Free Online Line Sorter

Paste your lines in the input box and they are sorted instantly as you type. Change the sort order or options and the output updates in real time — no button to press. One click copies the sorted result to your clipboard.

How to sort lines of text online

This tool sorts each line of text independently. Each newline-separated entry is treated as one item. Choose A→Z for alphabetical order, Z→A for reverse, length-based sorting for shortest or longest lines first, or shuffle for a random order. Toggle case-sensitivity to control how uppercase and lowercase letters are treated.

Alphabetical vs length-based sorting

Alphabetical sorting (A→Z and Z→A) uses standard Unicode string comparison.

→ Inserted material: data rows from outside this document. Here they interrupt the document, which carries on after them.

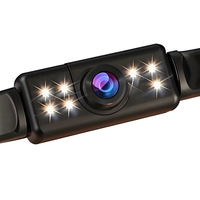 Caméra de recul de voiture personnalisée en usine avec 8 LED, vision nocturne et grand angle pour plaque d'immatriculation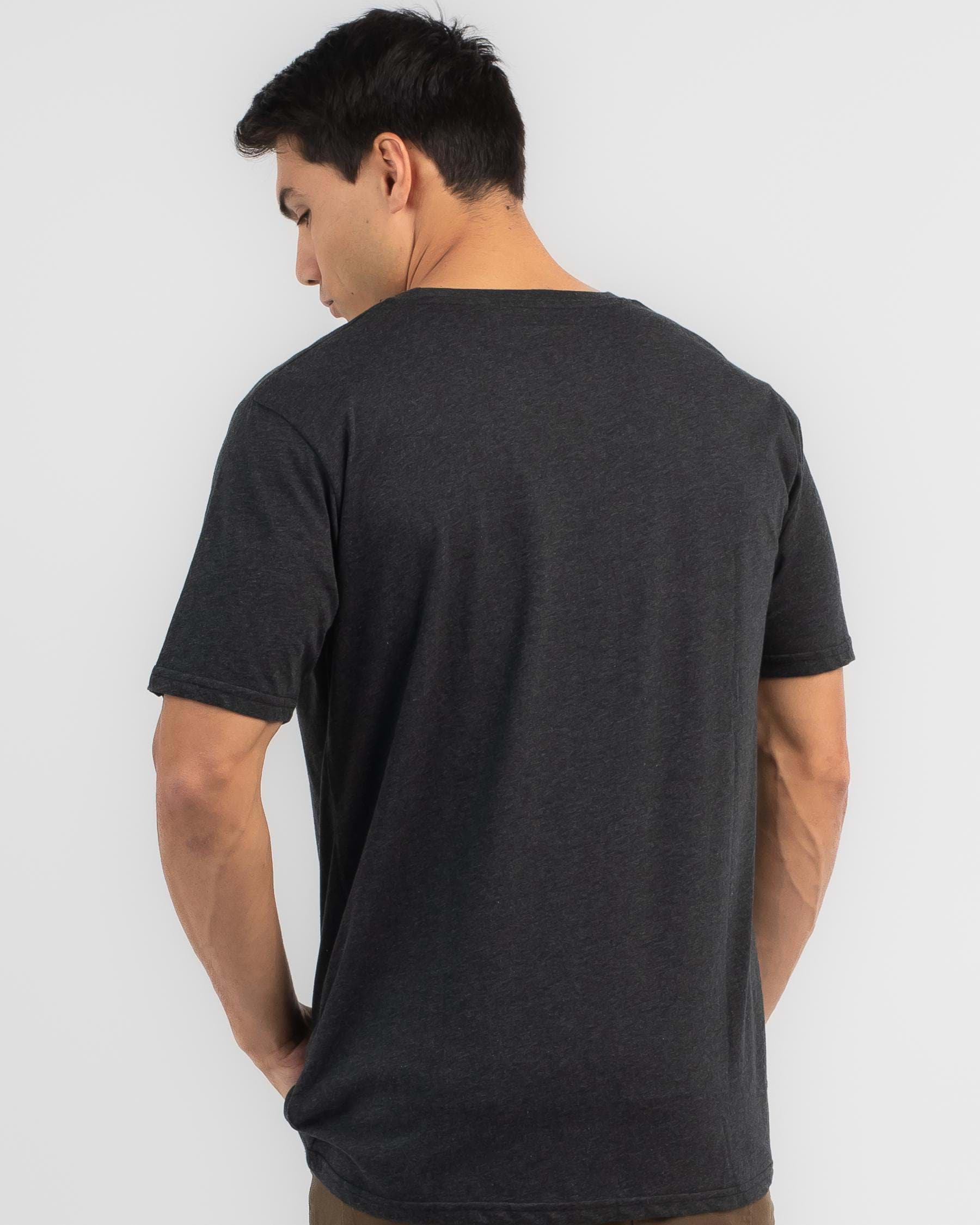 Lucid Essential 2.0 T-Shirt In Char Marle - Fast Shipping & Easy ...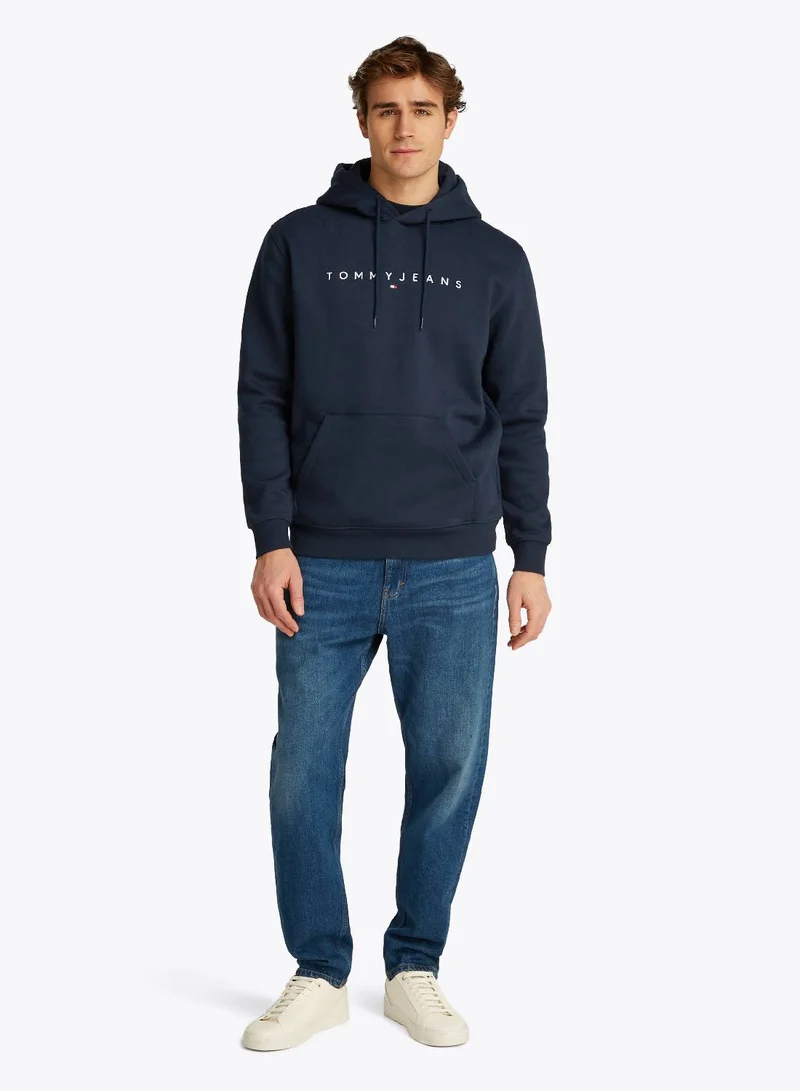 TOMMY JEANS Linear Logo Embroidery Kangaroo Pocket Hoody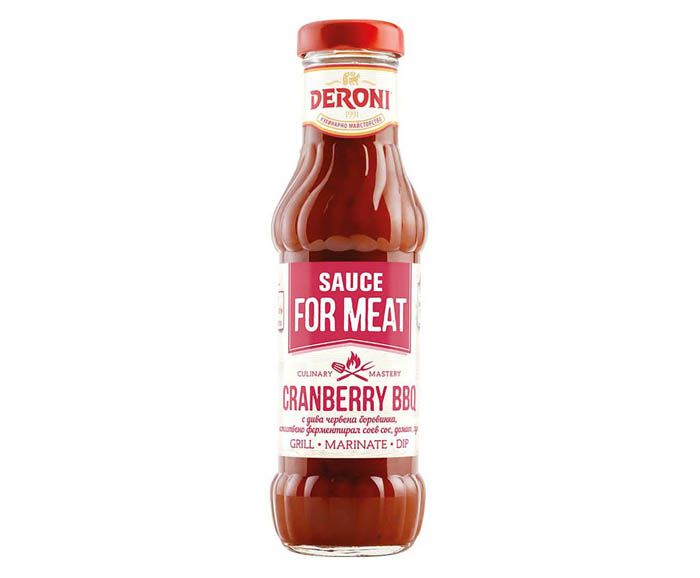 Сос за месо Deroni Cranberry BBQ 330 г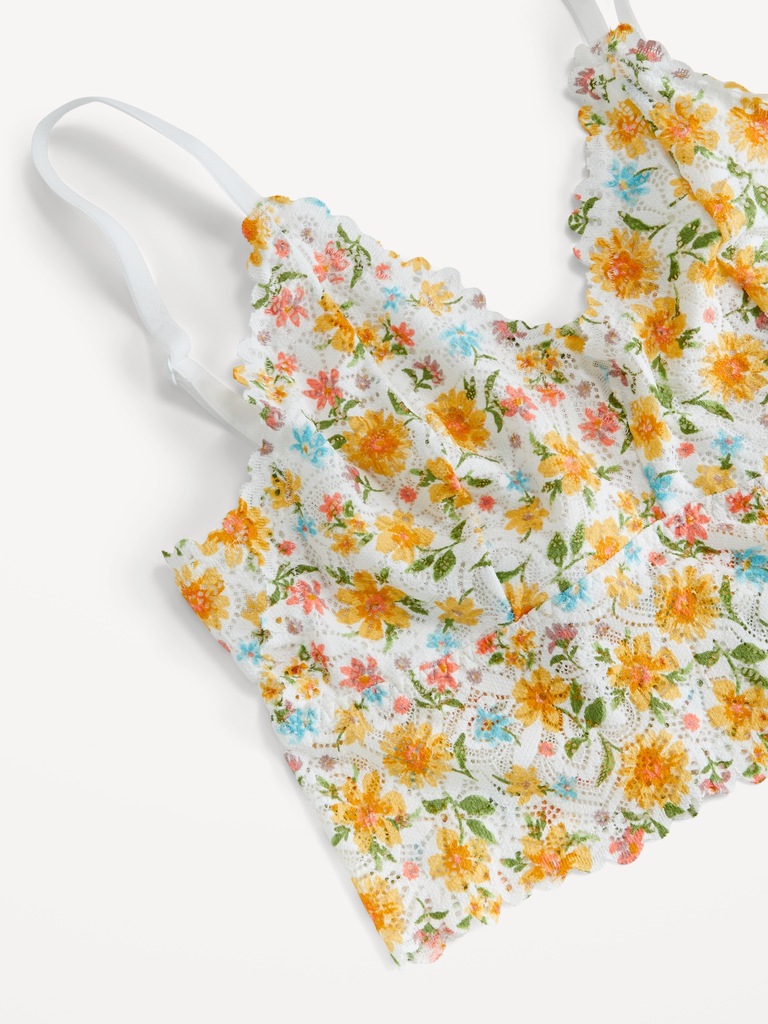 Lace Longline Bralette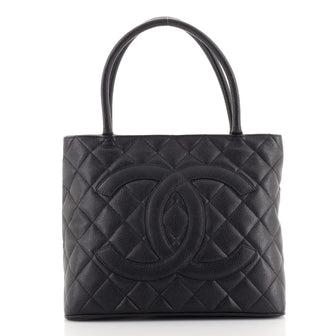 Chanel Medallion Tote Quilted Caviar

This is the most common sort used for lists, keywords, names, and tags. Length-based sorting orders lines by the number of characters they contain — useful when you want to find outliers, truncate the longest entries, or present information in a structured pyramid.

Common uses for online line sorting

SEO professionals use it to alphabetise keyword lists and clean up anchor text exports. Writers use it to organise index entries, bibliography items, and glossary terms. Developers use it to sort imports, configuration keys, and list data. Data analysts sort CSV data and log lines to find patterns. Educators use it to organise reading lists and vocabulary items.

Frequently asked questions

How do I sort a list alphabetically online?
Paste your list into the input box, one item per line. Select 'A → Z' from the sort order menu. The sorted list appears immediately in the output box. Click 'Copy output' to copy it.
What does case-sensitive sorting mean?
With case-sensitive sorting, uppercase letters sort before lowercase (ASCII order). With case-insensitive sorting, 'banana', 'Banana', and 'BANANA' are treated as equal and their relative order depends on their original position.
Can I shuffle lines randomly?
Yes. Select 'Random (shuffle)' from the sort order menu. The lines are shuffled using the Fisher-Yates algorithm each time the input changes or you switch to the shuffle option.
Is there a limit on how many lines I can sort?
No. The tool processes any amount of text your browser can hold. Sorting very large inputs (many thousands of lines) may be slightly slower on older devices.
Does the tool save my text?
No. All sorting happens in your browser. Your text is never sent to a server or stored anywhere.